[Caption-style text data]
----------------

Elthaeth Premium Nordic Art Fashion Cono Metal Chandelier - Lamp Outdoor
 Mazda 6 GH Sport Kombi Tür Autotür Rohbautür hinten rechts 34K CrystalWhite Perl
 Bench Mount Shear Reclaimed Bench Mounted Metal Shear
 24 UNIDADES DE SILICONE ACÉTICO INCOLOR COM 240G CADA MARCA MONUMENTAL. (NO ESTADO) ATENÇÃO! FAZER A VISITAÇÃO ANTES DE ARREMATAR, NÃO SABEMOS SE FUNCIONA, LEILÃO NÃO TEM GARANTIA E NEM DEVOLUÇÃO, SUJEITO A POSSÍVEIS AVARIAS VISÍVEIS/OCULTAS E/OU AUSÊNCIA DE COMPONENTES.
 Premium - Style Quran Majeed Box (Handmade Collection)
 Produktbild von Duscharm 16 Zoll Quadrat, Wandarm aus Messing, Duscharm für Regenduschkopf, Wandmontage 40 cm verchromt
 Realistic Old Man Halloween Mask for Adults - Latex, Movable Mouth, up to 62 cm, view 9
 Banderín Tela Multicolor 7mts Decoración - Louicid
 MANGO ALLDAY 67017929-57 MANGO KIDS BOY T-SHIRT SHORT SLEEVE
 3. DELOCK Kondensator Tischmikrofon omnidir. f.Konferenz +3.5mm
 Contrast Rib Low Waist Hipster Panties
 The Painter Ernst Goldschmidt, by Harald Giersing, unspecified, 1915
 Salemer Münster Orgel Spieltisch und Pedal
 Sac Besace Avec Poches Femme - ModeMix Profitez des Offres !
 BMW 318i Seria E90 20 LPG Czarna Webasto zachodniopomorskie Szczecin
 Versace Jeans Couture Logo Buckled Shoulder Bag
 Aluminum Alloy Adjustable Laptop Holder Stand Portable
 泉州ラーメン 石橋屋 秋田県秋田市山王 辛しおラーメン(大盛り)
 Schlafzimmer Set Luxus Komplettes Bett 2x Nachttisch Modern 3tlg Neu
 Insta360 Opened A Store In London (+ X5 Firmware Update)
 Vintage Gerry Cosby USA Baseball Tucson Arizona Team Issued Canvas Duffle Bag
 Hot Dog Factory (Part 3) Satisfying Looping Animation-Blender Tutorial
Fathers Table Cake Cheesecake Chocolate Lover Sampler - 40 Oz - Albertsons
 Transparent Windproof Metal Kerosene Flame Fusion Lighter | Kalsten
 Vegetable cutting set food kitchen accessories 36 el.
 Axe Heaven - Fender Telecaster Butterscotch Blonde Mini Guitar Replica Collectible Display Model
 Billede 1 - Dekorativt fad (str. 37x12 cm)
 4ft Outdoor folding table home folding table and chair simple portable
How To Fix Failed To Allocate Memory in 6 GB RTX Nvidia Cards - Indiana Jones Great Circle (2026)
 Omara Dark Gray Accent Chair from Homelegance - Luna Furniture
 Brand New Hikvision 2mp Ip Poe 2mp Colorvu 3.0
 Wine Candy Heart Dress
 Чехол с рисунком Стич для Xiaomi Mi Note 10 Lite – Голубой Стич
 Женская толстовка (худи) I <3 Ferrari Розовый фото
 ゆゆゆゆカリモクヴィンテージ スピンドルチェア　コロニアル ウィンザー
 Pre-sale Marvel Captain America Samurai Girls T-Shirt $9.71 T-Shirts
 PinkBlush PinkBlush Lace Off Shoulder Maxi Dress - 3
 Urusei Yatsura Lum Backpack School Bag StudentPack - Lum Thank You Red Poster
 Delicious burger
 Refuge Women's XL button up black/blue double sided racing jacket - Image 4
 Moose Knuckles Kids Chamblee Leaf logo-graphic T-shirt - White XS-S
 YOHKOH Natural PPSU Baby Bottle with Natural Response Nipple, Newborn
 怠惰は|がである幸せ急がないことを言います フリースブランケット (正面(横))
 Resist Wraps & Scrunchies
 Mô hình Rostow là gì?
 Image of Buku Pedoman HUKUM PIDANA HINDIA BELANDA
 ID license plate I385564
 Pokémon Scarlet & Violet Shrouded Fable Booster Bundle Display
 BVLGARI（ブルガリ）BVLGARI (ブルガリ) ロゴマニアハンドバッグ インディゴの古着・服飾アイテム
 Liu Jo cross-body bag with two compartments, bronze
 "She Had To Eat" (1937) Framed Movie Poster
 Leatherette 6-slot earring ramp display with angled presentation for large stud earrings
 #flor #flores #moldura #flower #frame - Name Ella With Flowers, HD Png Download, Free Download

----------------

Work required: Copy all records verbatim.

Solution to this problem:
Elthaeth Premium Nordic Art Fashion Cono Metal Chandelier - Lamp Outdoor
 Mazda 6 GH Sport Kombi Tür Autotür Rohbautür hinten rechts 34K CrystalWhite Perl
 Bench Mount Shear Reclaimed Bench Mounted Metal Shear
 24 UNIDADES DE SILICONE ACÉTICO INCOLOR COM 240G CADA MARCA MONUMENTAL. (NO ESTADO) ATENÇÃO! FAZER A VISITAÇÃO ANTES DE ARREMATAR, NÃO SABEMOS SE FUNCIONA, LEILÃO NÃO TEM GARANTIA E NEM DEVOLUÇÃO, SUJEITO A POSSÍVEIS AVARIAS VISÍVEIS/OCULTAS E/OU AUSÊNCIA DE COMPONENTES.
 Premium - Style Quran Majeed Box (Handmade Collection)
 Produktbild von Duscharm 16 Zoll Quadrat, Wandarm aus Messing, Duscharm für Regenduschkopf, Wandmontage 40 cm verchromt
 Realistic Old Man Halloween Mask for Adults - Latex, Movable Mouth, up to 62 cm, view 9
 Banderín Tela Multicolor 7mts Decoración - Louicid
 MANGO ALLDAY 67017929-57 MANGO KIDS BOY T-SHIRT SHORT SLEEVE
 3. DELOCK Kondensator Tischmikrofon omnidir. f.Konferenz +3.5mm
 Contrast Rib Low Waist Hipster Panties
 The Painter Ernst Goldschmidt, by Harald Giersing, unspecified, 1915
 Salemer Münster Orgel Spieltisch und Pedal
 Sac Besace Avec Poches Femme - ModeMix Profitez des Offres !
 BMW 318i Seria E90 20 LPG Czarna Webasto zachodniopomorskie Szczecin
 Versace Jeans Couture Logo Buckled Shoulder Bag
 Aluminum Alloy Adjustable Laptop Holder Stand Portable
 泉州ラーメン 石橋屋 秋田県秋田市山王 辛しおラーメン(大盛り)
 Schlafzimmer Set Luxus Komplettes Bett 2x Nachttisch Modern 3tlg Neu
 Insta360 Opened A Store In London (+ X5 Firmware Update)
 Vintage Gerry Cosby USA Baseball Tucson Arizona Team Issued Canvas Duffle Bag
 Hot Dog Factory (Part 3) Satisfying Looping Animation-Blender Tutorial
Fathers Table Cake Cheesecake Chocolate Lover Sampler - 40 Oz - Albertsons
 Transparent Windproof Metal Kerosene Flame Fusion Lighter | Kalsten
 Vegetable cutting set food kitchen accessories 36 el.
 Axe Heaven - Fender Telecaster Butterscotch Blonde Mini Guitar Replica Collectible Display Model
 Billede 1 - Dekorativt fad (str. 37x12 cm)
 4ft Outdoor folding table home folding table and chair simple portable
How To Fix Failed To Allocate Memory in 6 GB RTX Nvidia Cards - Indiana Jones Great Circle (2026)
 Omara Dark Gray Accent Chair from Homelegance - Luna Furniture
 Brand New Hikvision 2mp Ip Poe 2mp Colorvu 3.0
 Wine Candy Heart Dress
 Чехол с рисунком Стич для Xiaomi Mi Note 10 Lite – Голубой Стич
 Женская толстовка (худи) I <3 Ferrari Розовый фото
 ゆゆゆゆカリモクヴィンテージ スピンドルチェア　コロニアル ウィンザー
 Pre-sale Marvel Captain America Samurai Girls T-Shirt $9.71 T-Shirts
 PinkBlush PinkBlush Lace Off Shoulder Maxi Dress - 3
 Urusei Yatsura Lum Backpack School Bag StudentPack - Lum Thank You Red Poster
 Delicious burger
 Refuge Women's XL button up black/blue double sided racing jacket - Image 4
 Moose Knuckles Kids Chamblee Leaf logo-graphic T-shirt - White XS-S
 YOHKOH Natural PPSU Baby Bottle with Natural Response Nipple, Newborn
 怠惰は|がである幸せ急がないことを言います フリースブランケット (正面(横))
 Resist Wraps & Scrunchies
 Mô hình Rostow là gì?
 Image of Buku Pedoman HUKUM PIDANA HINDIA BELANDA
 ID license plate I385564
 Pokémon Scarlet & Violet Shrouded Fable Booster Bundle Display
 BVLGARI（ブルガリ）BVLGARI (ブルガリ) ロゴマニアハンドバッグ インディゴの古着・服飾アイテム
 Liu Jo cross-body bag with two compartments, bronze
 "She Had To Eat" (1937) Framed Movie Poster
 Leatherette 6-slot earring ramp display with angled presentation for large stud earrings
 #flor #flores #moldura #flower #frame - Name Ella With Flowers, HD Png Download, Free Download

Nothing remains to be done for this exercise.